Records drawn from a dataset:
↓

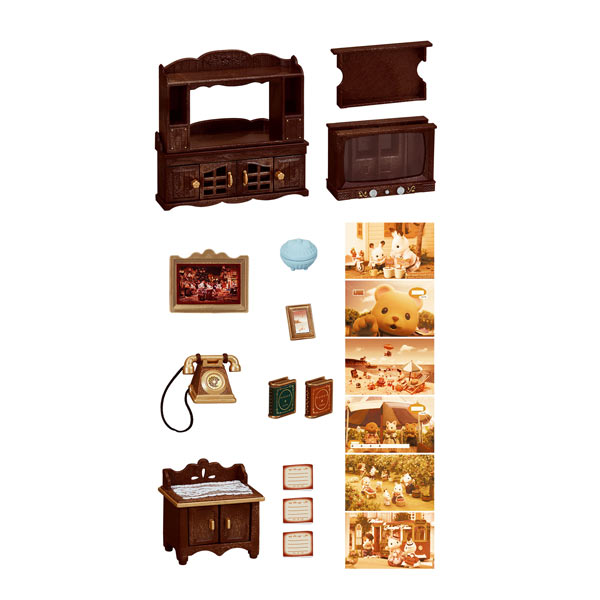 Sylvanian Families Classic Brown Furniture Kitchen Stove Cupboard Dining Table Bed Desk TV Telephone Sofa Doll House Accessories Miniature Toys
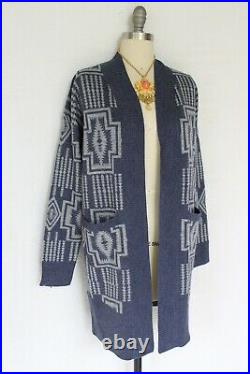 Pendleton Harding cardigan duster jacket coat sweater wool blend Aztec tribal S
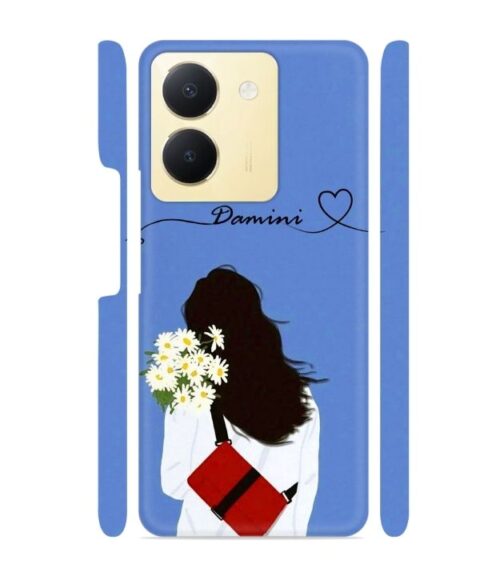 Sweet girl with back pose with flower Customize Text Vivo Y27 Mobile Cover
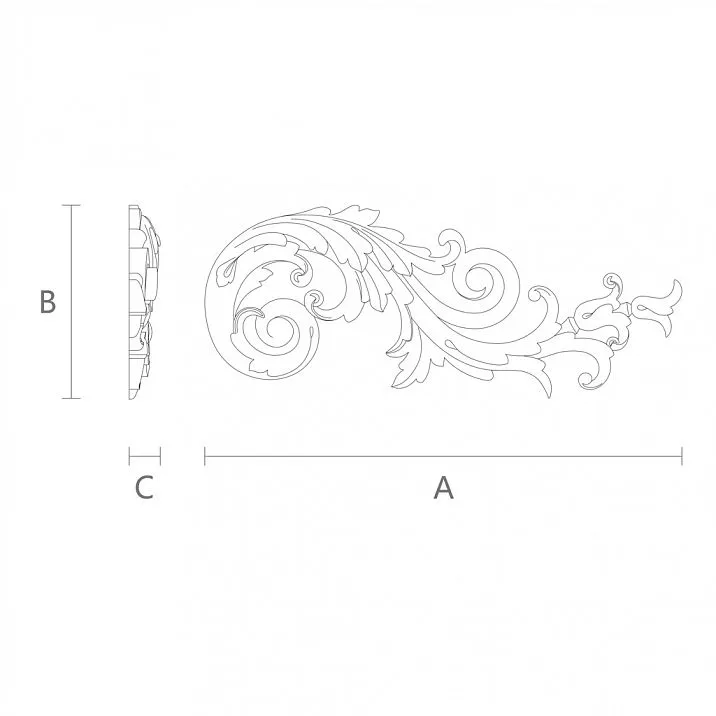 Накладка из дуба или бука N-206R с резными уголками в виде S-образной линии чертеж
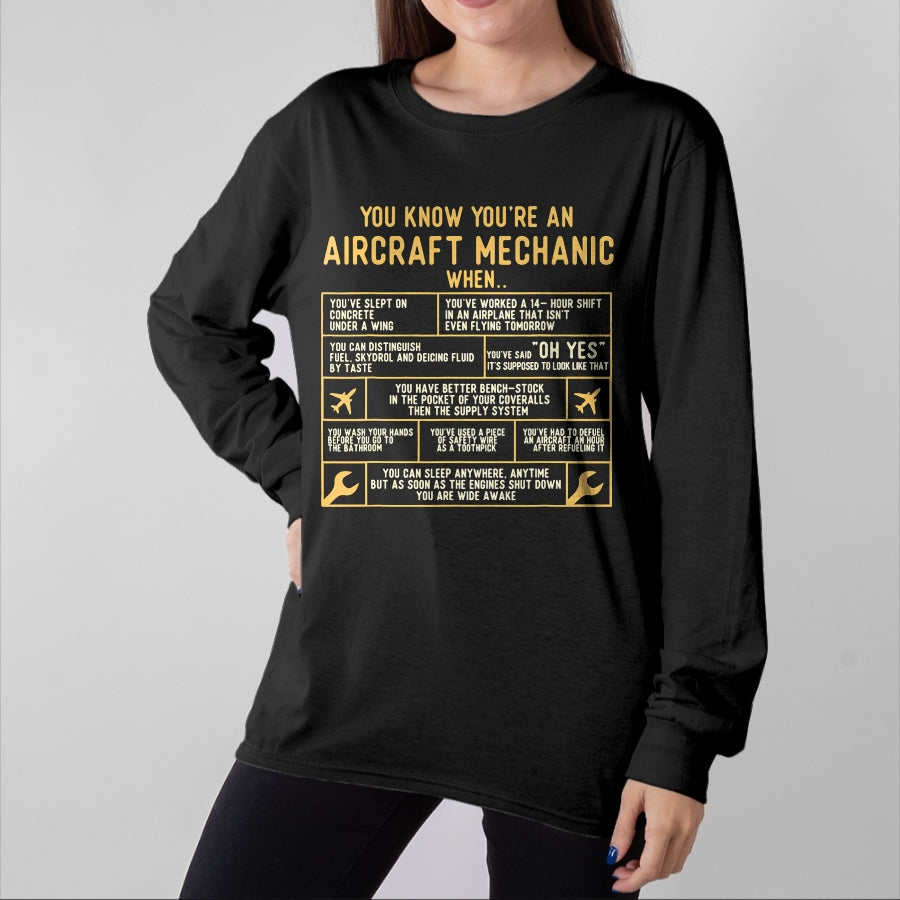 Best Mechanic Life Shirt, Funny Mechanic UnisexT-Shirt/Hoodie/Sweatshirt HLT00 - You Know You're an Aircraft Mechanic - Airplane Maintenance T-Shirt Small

↑
↓

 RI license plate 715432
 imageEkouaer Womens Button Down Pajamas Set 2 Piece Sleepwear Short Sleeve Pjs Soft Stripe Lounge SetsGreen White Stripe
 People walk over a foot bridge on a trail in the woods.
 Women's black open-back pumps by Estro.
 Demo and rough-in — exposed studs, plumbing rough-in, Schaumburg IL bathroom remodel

↑

Problem statement:
Go to the line above that has "Sylvanian Families Classic" and copy exactly from there down to the line that has "Best Mechanic Life", both included. Leave the pictures out.

Task solution:
 Sylvanian Families Classic Brown Furniture Kitchen Stove Cupboard Dining Table Bed Desk TV Telephone Sofa Doll House Accessories Miniature Toys
 Pendleton Harding cardigan duster jacket coat sweater wool blend Aztec tribal S
 Sweet girl with back pose with flower Customize Text Vivo Y27 Mobile Cover
 Накладка из дуба или бука N-206R с резными уголками в виде S-образной линии чертеж
 Best Mechanic Life Shirt, Funny Mechanic UnisexT-Shirt/Hoodie/Sweatshirt HLT00 - You Know You're an Aircraft Mechanic - Airplane Maintenance T-Shirt Small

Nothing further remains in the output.